If I had been asked my opinion at the time of my son’s birth I might have been highly critical of the lack of shared decision making and personal choice offered to me – but how could I criticise the caring and supportive midwives; the ability of the doctors to prioritise the safe delivery of my baby over my own ideal birth; the valuable help I received from the postnatal nurses to recover after such a stressful and exhausting labour?
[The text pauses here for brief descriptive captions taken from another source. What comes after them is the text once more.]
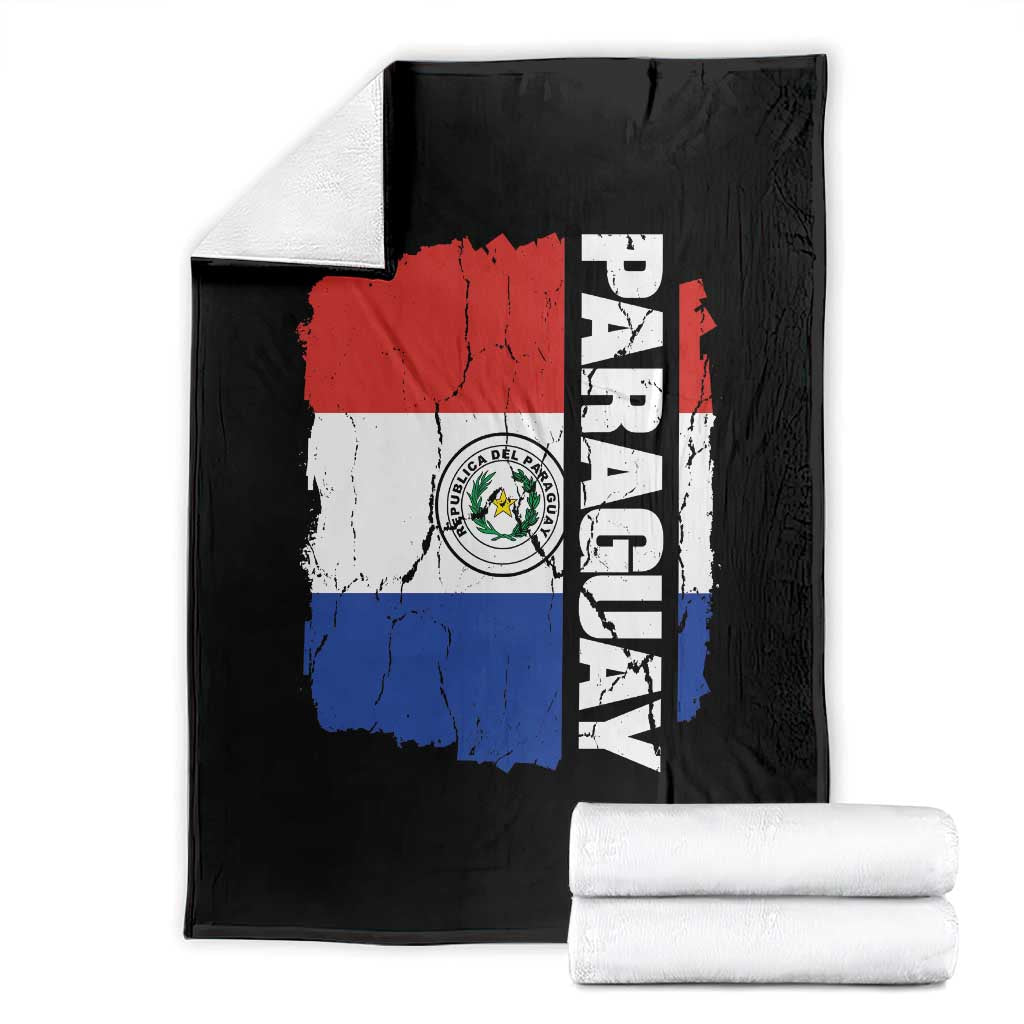 Paraguay Proud Roots Vintage Paraguaya Flag Heritage Pride Throw Blanket
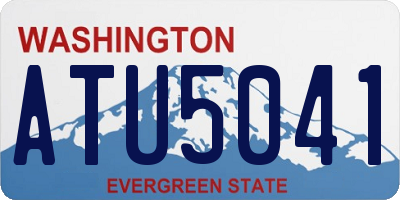 WA license plate ATU5041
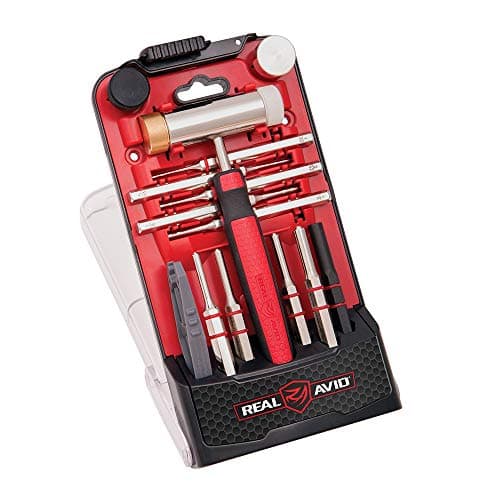 Real Avid Hammer Set & Punch Kit - Gunsmithing Hammer & 4 Tips, Non-Marring Tools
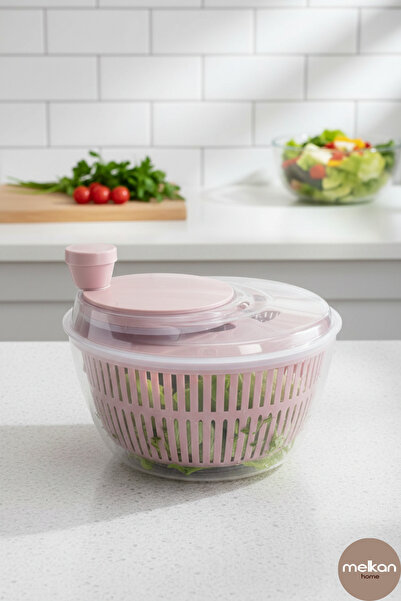 Melkan Home Pudra Renk Salata Ve Sebze Kurutucu 5 Litre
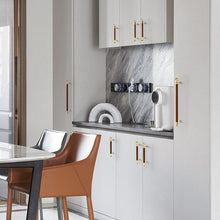 Load image into Gallery viewer, INSPIRA LIFESTYLES - Tom Knob & Pull Handles - CABINET HARDWARE, DOOR NUMBER, DRAWER PULLS, FURNITURE HANDLES, GOLD, HANDLES, HARDWARE, KNOBS, LEATHER HARDWARE, LEATHER PULLS, METAL HARDWARE, PULLS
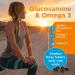 Healthspan Glucosamine & Omega 3 Capsules - 120ct | Joint Health with Vitamin C | Optiflex Glucosamine HCI & Omega 3 Fish Oil | Highly Purified & Sustainably Sourced - Buy Online on GoSupps.com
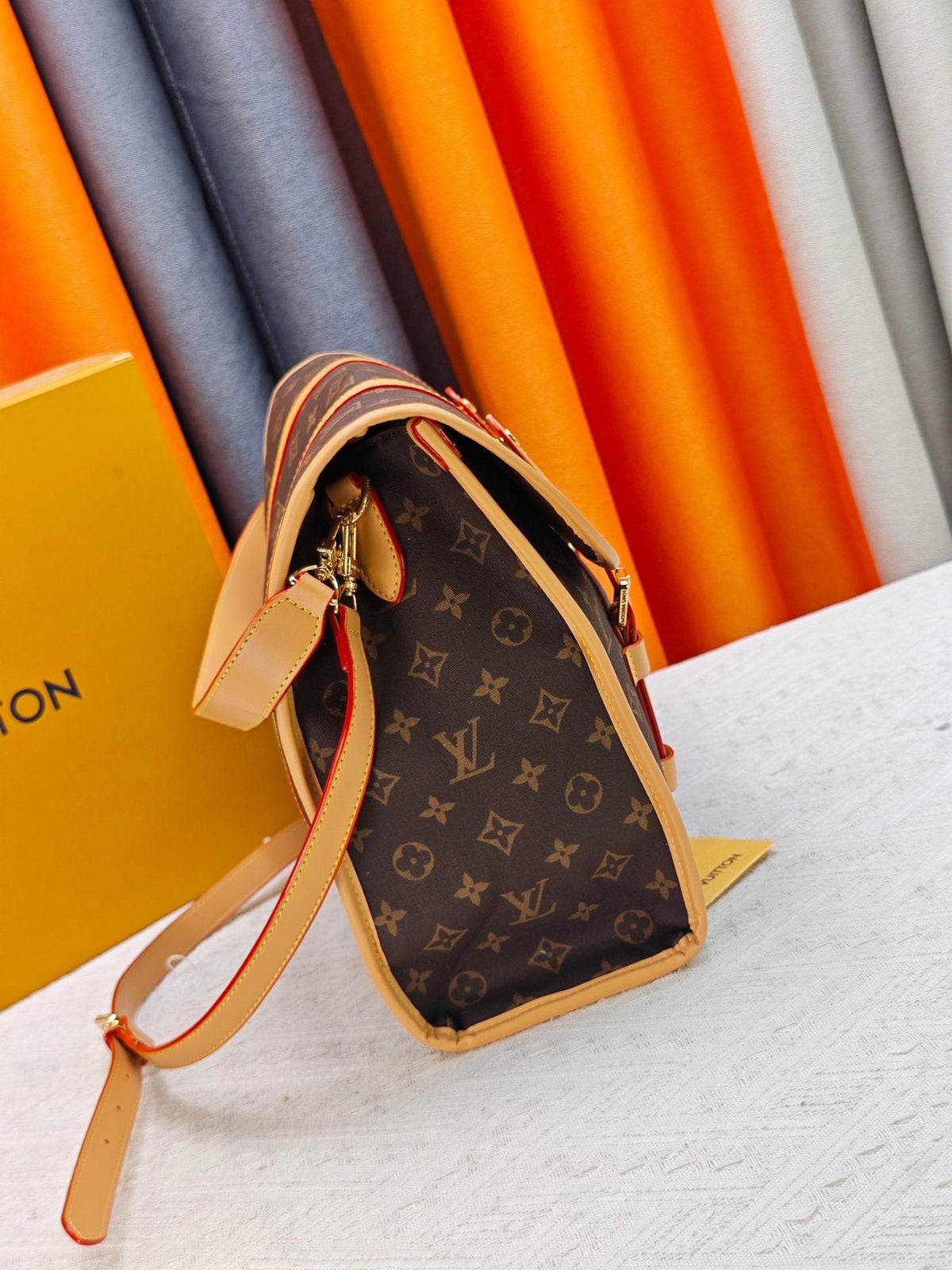 Louis Vuitton Jet Lag Monogram Messenger Bag — side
I hope that mums won’t shy away from giving valid criticism of their care if necessary but that also they will give credit where it is due and realise that successfully delivering a healthy baby, as I was lucky enough to do, is the outcome that everybody would choose, regardless of how you achieve it. However, maternity providers need to be aware that some mums will need more support and should recognise where this is the case, enabling women to feel optimistic about, not afraid of,future pregnancies.

Jenny Hicken

Jenny Hicken is a Network Delivery Facilitator in the Northern England Clinical Networks, and is part of the Mental Health and Dementia Network team.
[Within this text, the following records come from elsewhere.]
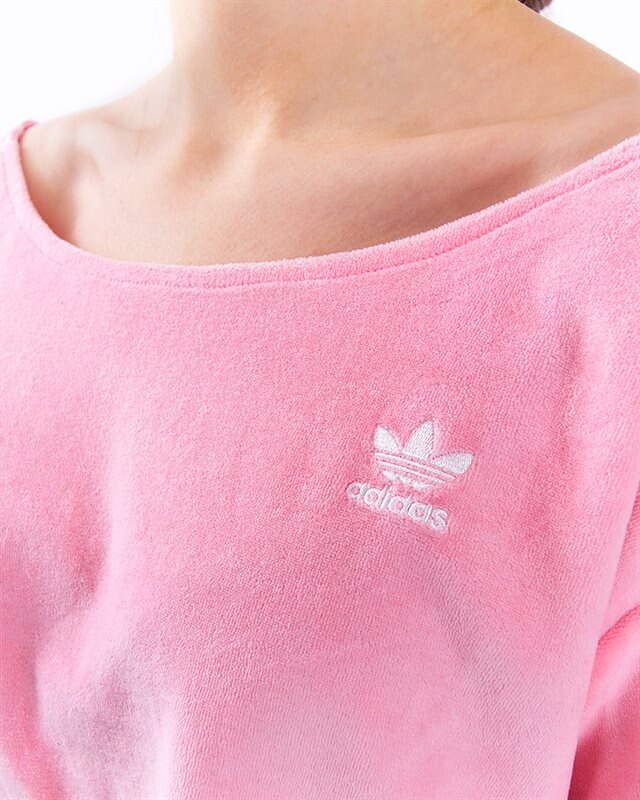 Adidas off shoulder sweater best sale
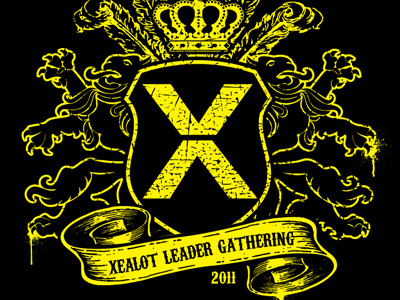 Xealot T-shirt Design design graphic tee scroll shield t shirt x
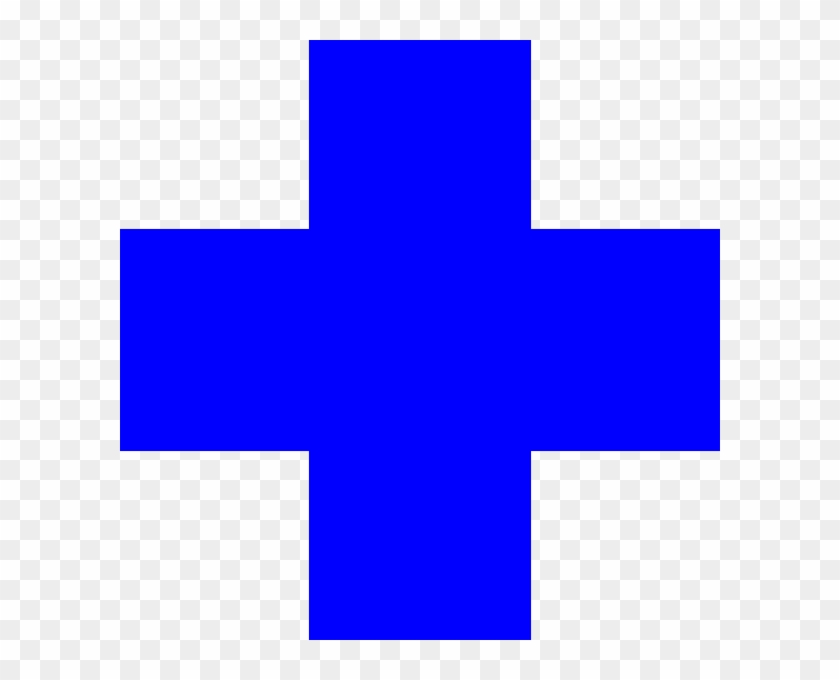 Dark Clipart Blue Cross - Clip Art #1009207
She is currently working on projects addressing the wellbeing of vulnerable groups, and represents the Network team on the North East and North Cumbria ICS Zero Suicide Ambition Steering Group. She also keeps a hand in with the Maternity Network team, with whom she has worked closely on a number of pieces of work.
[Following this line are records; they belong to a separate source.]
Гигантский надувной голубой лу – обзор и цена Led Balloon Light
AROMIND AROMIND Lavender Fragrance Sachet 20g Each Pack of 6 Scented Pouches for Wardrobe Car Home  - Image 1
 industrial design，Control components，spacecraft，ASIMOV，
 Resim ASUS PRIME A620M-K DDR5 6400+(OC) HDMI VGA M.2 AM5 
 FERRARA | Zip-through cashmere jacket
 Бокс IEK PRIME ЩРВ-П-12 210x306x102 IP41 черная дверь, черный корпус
Jenny lives in Newcastle upon Tyne with her husband and two young sons, and has worked in the NHS since 2009.


  1. Christine McCourt says:

    Dear Jenny
    I do have some concerns that the Family and Friends test has not been validated and was developed on something of a political whim. If you look at research studies and the main national surveys of women’s experiences of care you do find consistently that women are not inclined to complain about care unless it is really quite poor. Most understand that sometimes intervention is needed and what makes the difference to the evaluation of this is good information, good care and support and being confident that the right clinical care was received. In my long experience of researching women’s experiences and views, women are very ready to praise good quality care regardless of whether they had interventions, although some are left traumatised or deeply disappointed by poor quality of care and support. The key really is whether the interventions were clinically warranted, explained well (and the limits of emergency situations are understood) and handled with kindness and care. Currently intervention levels nationally are higher than they should be, and some women are subject to interventions that should not have been needed if our models of care were better designed. Many women don’t have access to evidence-based information which would help them to know whether the interventions they received were (as in your case) needed, or associate with the way care is provided.

  2. John Ferguson says:

    Thank you Jenny for this very good blog and it was great that your circumstances came good in the end.

    However the vast majority of maternity episodes for women are low risk and can be managed in a ‘normalised’ model of midwifery care. It is therefore essential that women have the choice to access this type of care and not be placed (often against their own wishes) in a medicalised model of service. The evidence of same midwife leading to continuity of care results in normality which in turn produces improved physical, psychological and public health outcomes.

    Women all over the country are currently are having to accept the bar being ‘low’ in maternity outcomes and provision. Most commissioners say they offer choice in maternity (e.g. the 2 or 3 local NHS providers) but the reality is the service and the outcomes are the same. This choice being offered is not the same as the woman having HER choice to meet her and her families needs.

    Commissioners should expect providers to raise the bar to deliver the type of care women are entitled to or help women look elsewhere to other providers with capacity that do provide high level outcomes. It is time the NHS allows real choice of maternity services for women. I do recall the previous secretary of state saying ‘no decision about me, without me’. After all choice is available in virtually every other area of health.